Task objective
An exact transcript is required of the lines below, from the one containing "Fast-Track Kiteboarding Camp: Best" through the very last; leave every picture out of it.

Segment Start: Supplied material

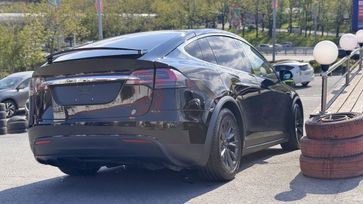 SUV   Tesla Model X 2018 , 4700000 , 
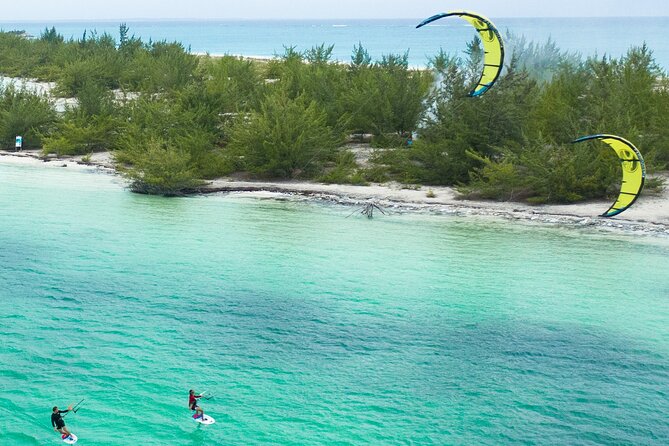Fast-Track Kiteboarding Camp: Best for Beginners - Requirements for Participants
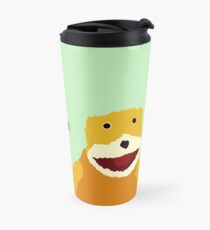 Flat Eric Travel Mug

Segment End: Supplied material

Exercise response
Fast-Track Kiteboarding Camp: Best for Beginners - Requirements for Participants
 Flat Eric Travel Mug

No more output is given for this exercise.